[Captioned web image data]
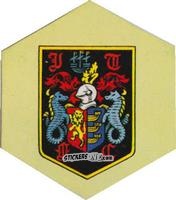 Cromo Ipswich Town - 1st Division Football League Club Badges 1972
 n. 9 - Tonibell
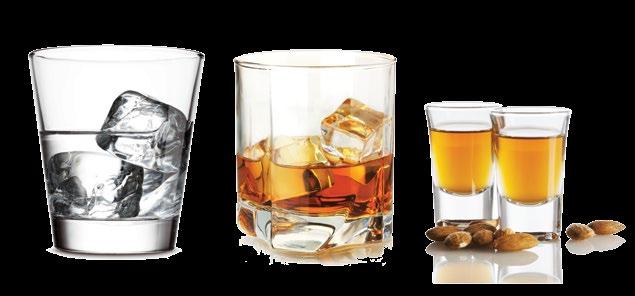 Whisky (40% alc./vol) Johnnie Walker Red Label...50ml Grant s...50ml Teachers...50ml Jameson...50ml 8. Ballantines...50ml 9 lei J&B.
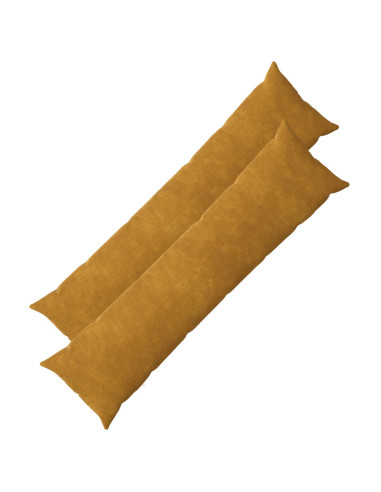 Cuscino da Lanciare 2 pz HEERLEN Giallo 40 x 145 cm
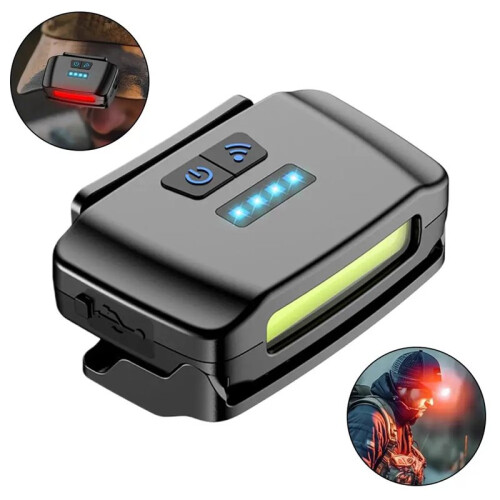 Advanced USB Rechargeable Cap Light for Outdoor Activities and Professional Use 2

◆ **Try it**
In the records above, find the line containing "Whisky (40% alc./vol)", then write out exactly that line and every later one through the last, omitting pictures.

◆ **Solution for this exercise**
 Whisky (40% alc./vol) Johnnie Walker Red Label...50ml Grant s...50ml Teachers...50ml Jameson...50ml 8. Ballantines...50ml 9 lei J&B.
 Cuscino da Lanciare 2 pz HEERLEN Giallo 40 x 145 cm
 Advanced USB Rechargeable Cap Light for Outdoor Activities and Professional Use 2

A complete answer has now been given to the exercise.